Another worthwhile attempt in Luzerne County to improve police protection – by having nearby communities combine their efforts, or regionalize – appears to have fizzled. This time, the nonstarter of a notion involved a half-dozen municipalities in the Back Mountain area.
The collapse of their proposed collaboration stings the sensibilities, not only because the Times Leader Opinion Board long has been a proponent of regionalization, but also because the Back Mountain seems prime territory for the concept to thrive.
Its governments try to stay on the same page through monthly meetings of the Back Mountain Community Partnership, an initiative started in 2008. Participants say the partnership was instrumental in creating a better response strategy for the area’s firefighters and EMTs. Six of the partnership’s seven members had agreed to investigate shared policing.
But the idea apparently petered out within mere months of the release of The Back Mountain Police Regionalization Study. Presented to the partnership in May, the study had been prepared and paid for by the state Department of Community and Economic Development’s Governor’s Center for Local Government Services.
Oddly, Dallas Borough officials never publicly declared a position on the proposal. Kingston Township reportedly would have been in, but wasn’t because other municipalities declined to join.
So a blueprint to protect a nearly 85-square-mile swath of the Back Mountain – with a police force consisting of 32 full-timers – basically went down the tubes for much the same reason boys become wallflowers at a junior high formal. No one wanted to be the first to dance.

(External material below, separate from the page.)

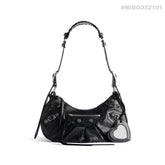 Balenciaga Le Cagole rivet silver buckle fine grain sheep leather half-moon bag crescent bag dumpling bag motorcycle bag armpit bag crossbody bag shoulder bag women's black #332101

Granted, detractors of the plan have legitimate concerns about costs.
Yet, as the Pennsylvania Economy League and others have pointed out, state taxpayers are unfairly carrying the financial burden of state police coverage for townships that don’t supply their own municipal cops. (See a recent Economy League commentary on its website, pelcentral.org.) And police protection usually can be much improved by establishing larger professional forces, rather than relying on tiny, part-time crews.
Elected officials in the Back Mountain had an opportunity to put the greater good above parochial interests but, for now, have retreated to their comfort zones. Let’s hope they will reconsider this police plan – even tweak it to address concerns – at the insistence of area residents who see the good sense of obliterating municipal borders for the sake of improved public safety.
If not, regionalization in Luzerne County will remain a half-hearted effort, consisting mostly of the occasional sharing of dump trucks and other road equipment.